Bu bir eleştiri yazısı değildir. Hatta tam tersi... Bir yandan eleştirirken Türkiye’nin en başarılı hocası Fatih Terim’in “istikrar abidesi” olduğunu da kanıtlayabilir.
İstikrar denilen davranış şekline her zaman “olumlu” anlamlar yüklenmeyeceğini biliyoruz elbet.

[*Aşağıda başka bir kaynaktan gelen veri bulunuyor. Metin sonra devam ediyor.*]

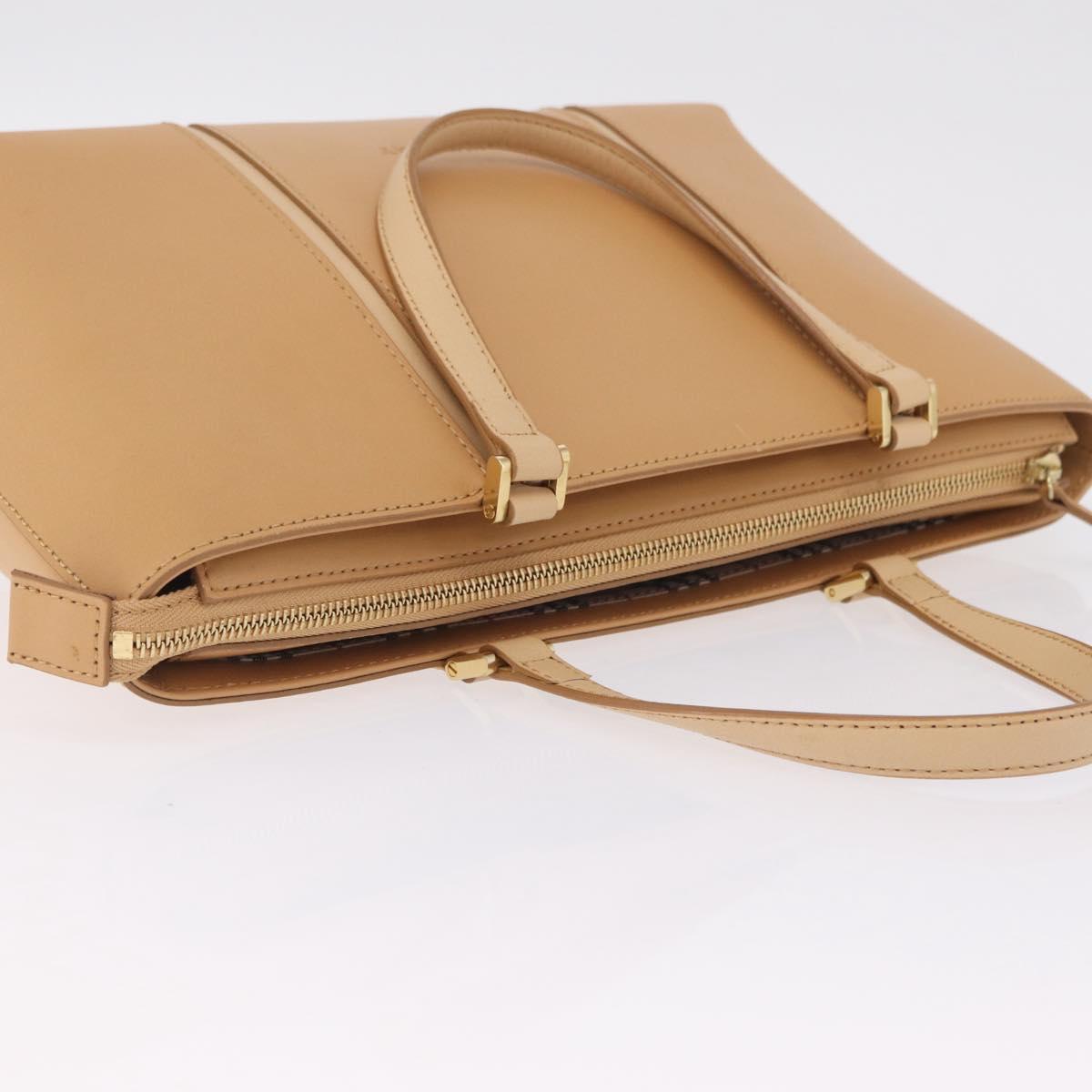 BURBERRY Nova Check Shoulder Bag Leather Beige Gold Tone Auth ki6944A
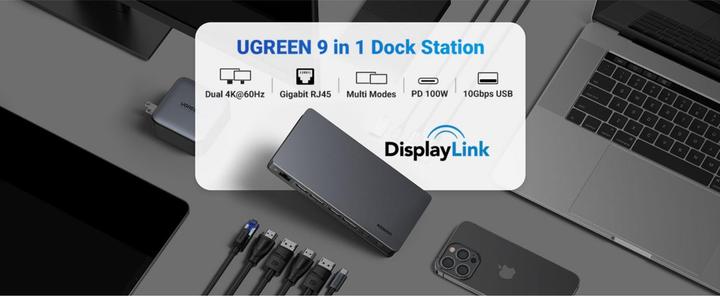 Actual product image Ugreen CM615 (USB-C, 9 Ports)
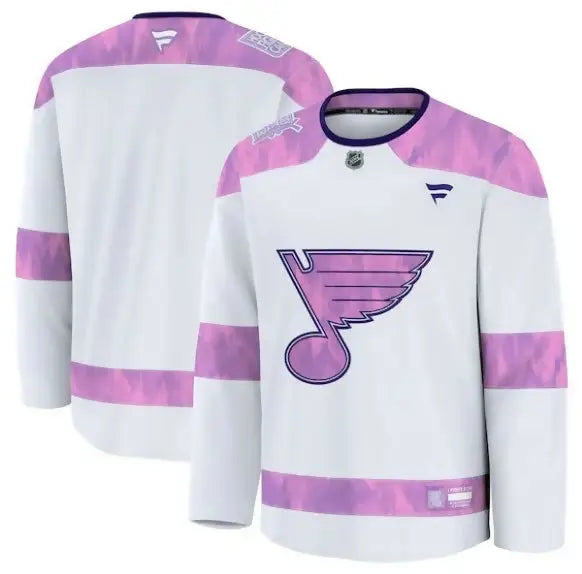 White and purple St Louis Blues hockey practice jersey with stylized musical note logo
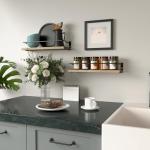 RICHER HOUSE Bathroom Shelves, Guard-Rail Floating Shelves for Wall, Wall Mounted Shelves Set of 2, Cute Bathroom Wall Organizer Decor, Over Toilet Storage Small Shelf for Kitchen - Carbonized Black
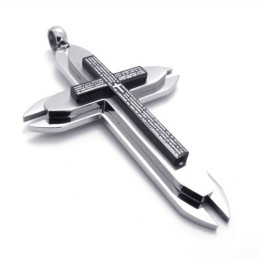Colgante De Cruz De Titanio De Tres Capas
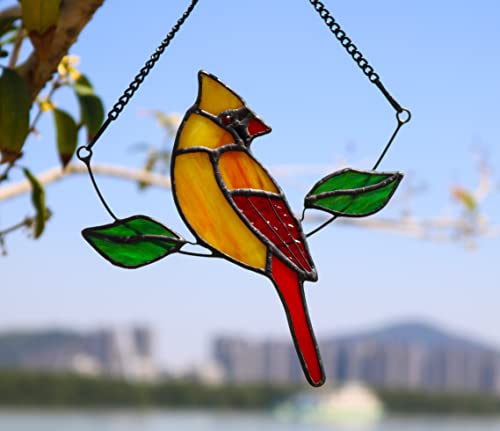 Haosum Northern Cardinal Stained Glass Window Hanging,Birds Ornaments Stained Glass Suncatcher,Cardinal Decor For Housewarming,Cardinal Memorial Gifts For Women,Grandparents,Friends (Female) #TOP2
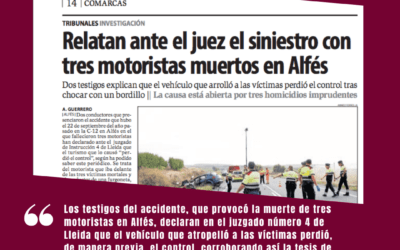 Declaran ante el juez los testigos del accidente que causó la muerte de tres motoristas en Alfés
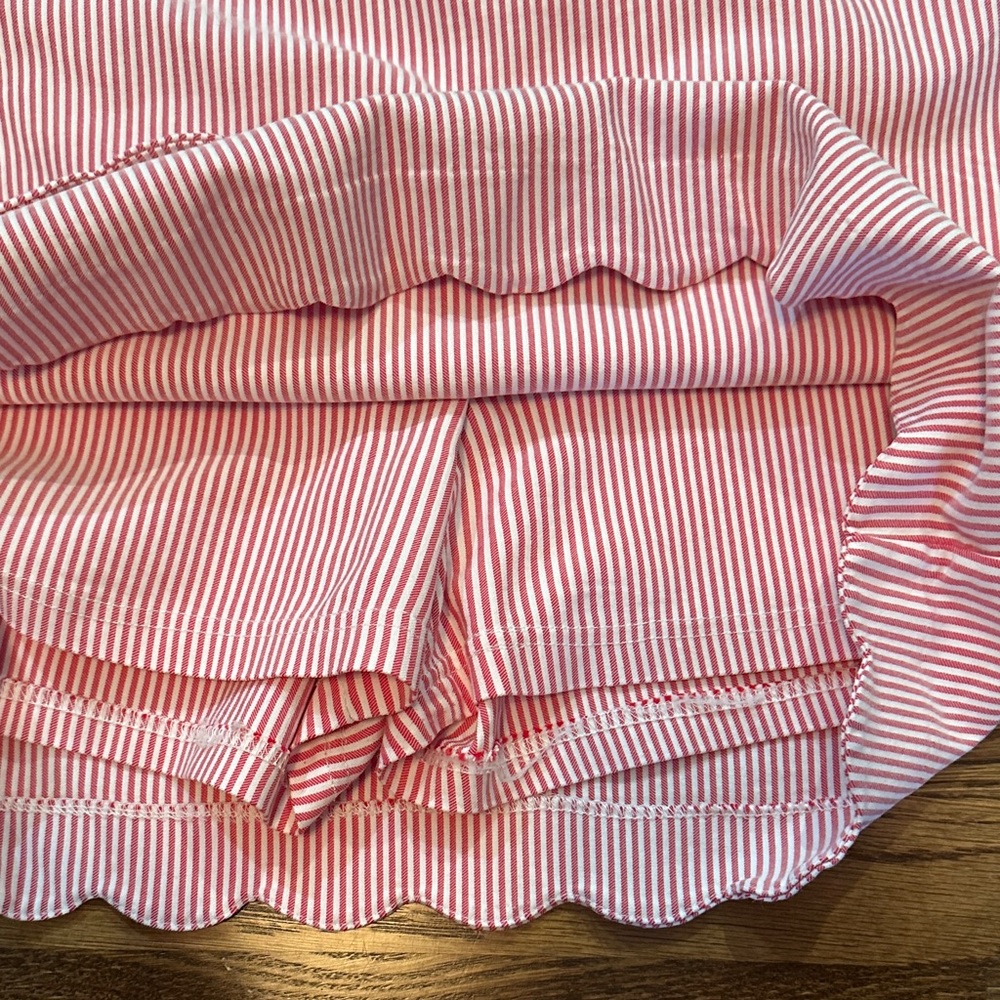 crown & ivy Red and White Striped Double Scallop Hem Skort - Picture 6 of 7
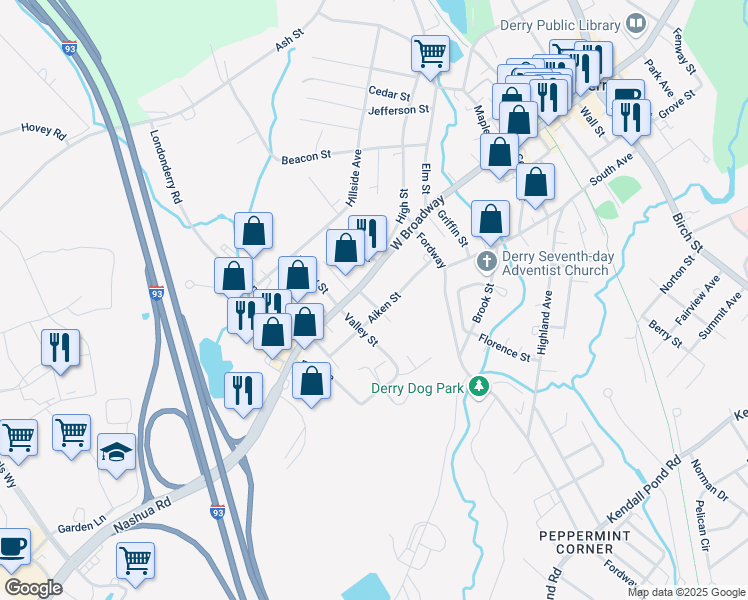 map of restaurants, bars, coffee shops, grocery stores, and more near 18 1/2 Aiken Street in Derry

Lakin nereden baktığınıza bağlıdır bu meret!
Terim’le iş yapıyorsanız, heyecana da alışacaksınız, ilginçliklere de, hırsa, motivasyona, düşük yoğunluklu kavgaya da...
“Ben merkezlilik” onun olacak, siz “sen merkezlilik”le idare edeceksiniz!
Bir tanesini bile “geride kaldı” diye hesaplarsanız, ofsayta düşersiniz.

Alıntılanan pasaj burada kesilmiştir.